Side-by-side with fellow male protesters, Egypt's women stood on Tahrir Square demanding freedom and democracy. But due to the military regime and the rise of Islamic factions the situation of women is deteriorating.
Starting on time is not essential for Amani El Tunsi. Around eight in the morning, or maybe half an hour later, she is ready to go. Ready to fire up the computer, grab the microphone and get her radio show Banat Bas - which means "just for women" in English - on air.
She is on a mission to raise the topics that are important to Egyptian women and to alert them to their rights.
"I want to give women more self-confidence," El Tunsi said, "and change their mentality."
Three years ago she founded the station, which now has five million listeners worldwide, most of them in Egypt. But it is no easy task. Since last year's revolution women are worse off, despite having stood together with the men, demanding freedom on Cairo's Tahrir Square.
No access to power
The military is brutal in their treatment of women. Not long after the fall of Hosni Mubarak, female demonstrators had to undergo virginity tests to ascertain whether they were 'suitably moral.'
At the end of last year, soldiers beat one female protester, beating her with batons and undressing her. One soldier kicked her face with his boot, another jumped on her breasts, leaving her lying there half-naked and seemingly lifeless.

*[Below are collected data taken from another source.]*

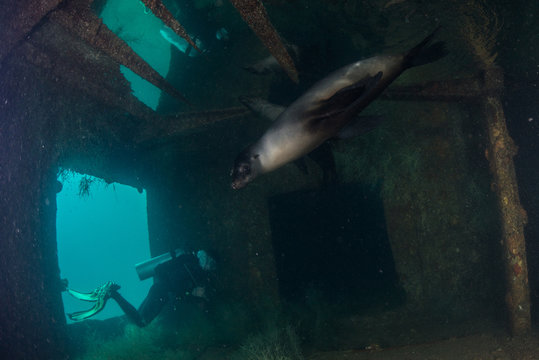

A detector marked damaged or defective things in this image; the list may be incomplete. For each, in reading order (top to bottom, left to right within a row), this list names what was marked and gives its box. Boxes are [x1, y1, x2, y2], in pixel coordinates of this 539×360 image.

corroded metal beam [0, 0, 63, 64]
corroded metal beam [48, 0, 191, 105]
corroded metal beam [138, 0, 201, 54]
corroded metal beam [229, 0, 300, 82]
rusted metal frame [229, 0, 300, 83]
corroded metal beam [137, 107, 251, 146]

The pictures of her dressed in a blue bra went around the world, no one seems to know what happened to her.
The military regime is also trying to keep women from taking political office. The transition government only boasts three female cabinet members, out of 30. The number is lower than during Mubarak's reign, where a 12-percent women's quota was in place.
The quota is gone now, the parties that registered for the elections last November only had to provide one female candidate. They often appeared at the very bottom of the list and sometimes deliberately without a photo, for example on the list of the Salafist Party of Light.
'Back to the kitchen'
In the newly elected parliament, 98 percent of MPs are men.
"Women should support their husbands, bring up children and help other people," Dina Zakaria from the Freedom and Justice party of the Muslim Brotherhood said. "Women are a lot better at that than men," he insisted, saying that men are more suitable to decide on women's issues in parliament anyway.
The image of the woman as a mother and homemaker has been used by the Muslim Brotherhood and the Salafists - with great success.
Although Zakaria insists that women's issues are being addressed by the Muslim Brotherhood, their manifesto does not even mention them. Parliament also has no committees dealing with those issues. The family committee is the only one dealing with "female" issues.
The new parliament is even considering revoking the so-called Personal Status Law that women had been fighting for for years. If successful, it would mean that women could no longer divorce - only men would have the right to do so.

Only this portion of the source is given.